In some current debates on water conservation, particularly involving high efficiency, 1.28-gpf, toilet proposals, it might seem that PHCC is opposed to the installation of water-saving devices. We have been pretty adamant about the need for more evidence that existing infrastructure can support new technologies. But clearly, the association and its members are very much in favor of water conservation.

In some current debates on water conservation, particularly involving high efficiency, 1.28-gpf, toilet proposals, it might seem that PHCC is opposed to the installation of water-saving devices. We have been pretty adamant about the need for more evidence that existing infrastructure can support new technologies. But clearly, the association and its members are very much in favor of water conservation. The “protection of the environment” emphasized in our mission statement is an important part of what PHCC is all about. However, this overall issue becomes much more complicated than “for” or “against.” It requires looking at the relationship between the contractor and the client/customer to understand our position.

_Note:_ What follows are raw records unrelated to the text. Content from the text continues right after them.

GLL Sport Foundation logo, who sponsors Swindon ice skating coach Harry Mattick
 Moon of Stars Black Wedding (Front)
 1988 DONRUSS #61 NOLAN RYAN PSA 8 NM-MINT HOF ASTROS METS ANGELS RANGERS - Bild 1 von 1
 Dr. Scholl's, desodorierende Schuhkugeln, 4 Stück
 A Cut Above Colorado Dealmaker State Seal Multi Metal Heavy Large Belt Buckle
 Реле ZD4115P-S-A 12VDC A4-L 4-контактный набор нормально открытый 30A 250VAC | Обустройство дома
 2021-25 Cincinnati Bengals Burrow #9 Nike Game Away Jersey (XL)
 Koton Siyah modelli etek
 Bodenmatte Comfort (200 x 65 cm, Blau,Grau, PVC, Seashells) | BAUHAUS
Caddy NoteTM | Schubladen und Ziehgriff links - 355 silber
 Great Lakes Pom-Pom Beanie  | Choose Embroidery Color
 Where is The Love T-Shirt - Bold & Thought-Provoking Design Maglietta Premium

What are our thoughts on 1.28-gpf and other high-efficiency proposals? We think the concept is sound, but we want to wait until ongoing drainline studies have been completed before supporting state-mandated low-flow toilet proposals. If you are a plumbing contractor who remembers the years of frustration when the federal government required everyone to install 1.6-gpf toilets, I am sure you can understand where we are coming from. In the end, the contractor is ultimately responsible for installing a system that truly works and truly saves water. That also means the plumbing contractor is in the best situation to advise customers and answer their questions about what water-saving devices will work and the difference they make in the convenience and operation of the customer's plumbing system. We have the most direct contact with the end-user, which is why we want technology to work effectively before implemented.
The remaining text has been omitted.